Sorry for the huge post, I am really interested in prime numbers 🙂
Thank you very much!
Best Answer
Let's say you have an $n$-digit number with $a$ $1$'s, $b$ $3$'s, $c$ $7$'s and $d$ $9$'s. The number of permutations is $n!/(a! b! c! d!)$. Heuristically, unless there is a good reason for these not to be prime (e.g. if they are all divisible by $3$) each has probability on the order of $1/n$ of being prime. If the number of permutations is much larger than $n$, it is very likely that at least one of those is prime. For example, if there is one $1$, one $3$ and the rest are $7$, the number of permutations is $n!/(1! 1! (n-2)! 0!) = n(n-1)$ which is much larger than $n$ if $n$ is large. So I wouldn't be surprised if your conjecture is true; or if it is false, there is some fairly small example.

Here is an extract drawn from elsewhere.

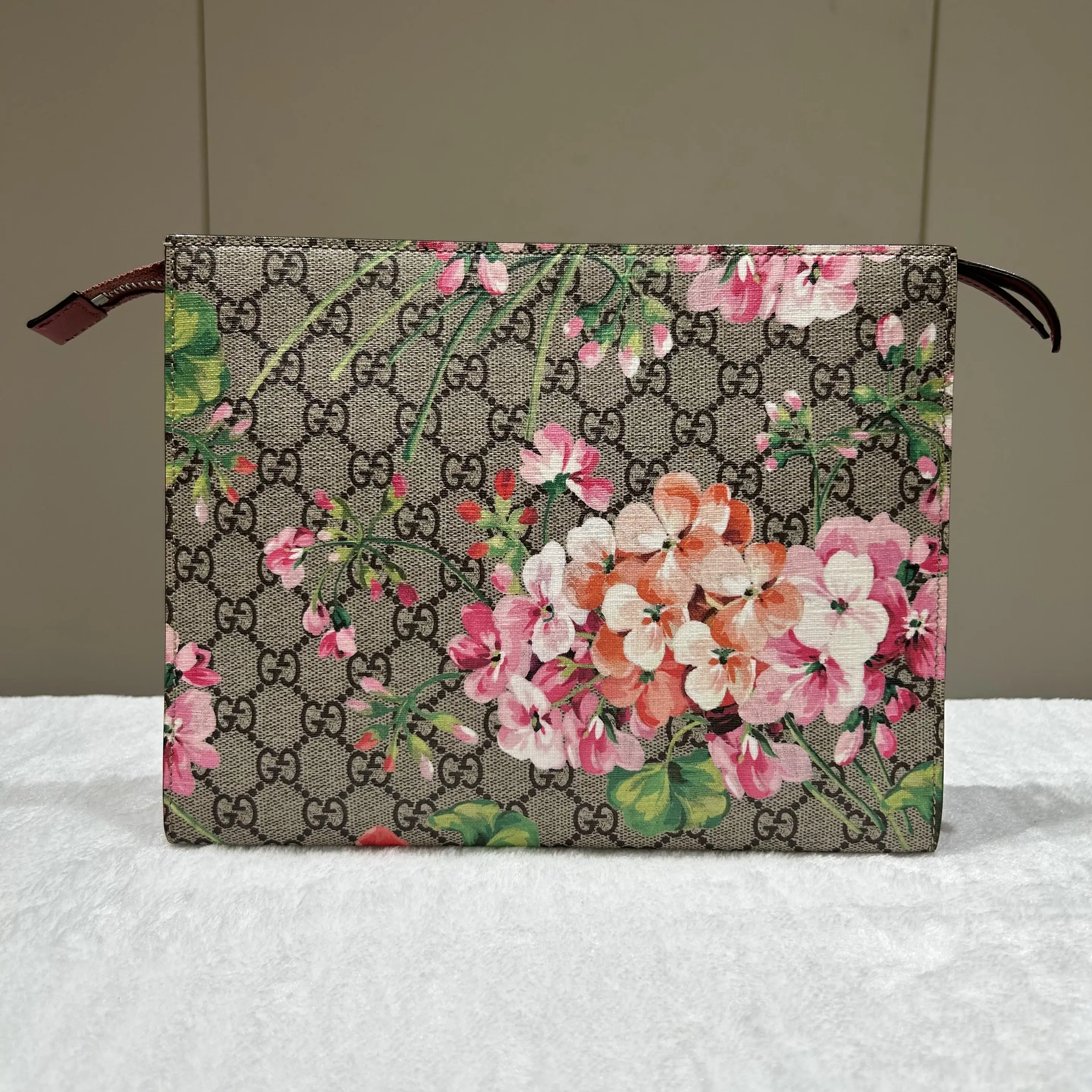 Pre-owned GUCCI canvas Small leather goods Dark Ebony Floral Toiletry Pouch Clutch 43420089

I don't understand your idea to "find the biggest prime number". Of course there is no "biggest prime number", but apart from that, even if we accept that there is some prime consisting of one $1$, one $3$ and, say, $10^6$ $7$'s, if we don't know which of the permutations it is we're not done. We'd still have to check a bunch of possibilities until we find one that's prime.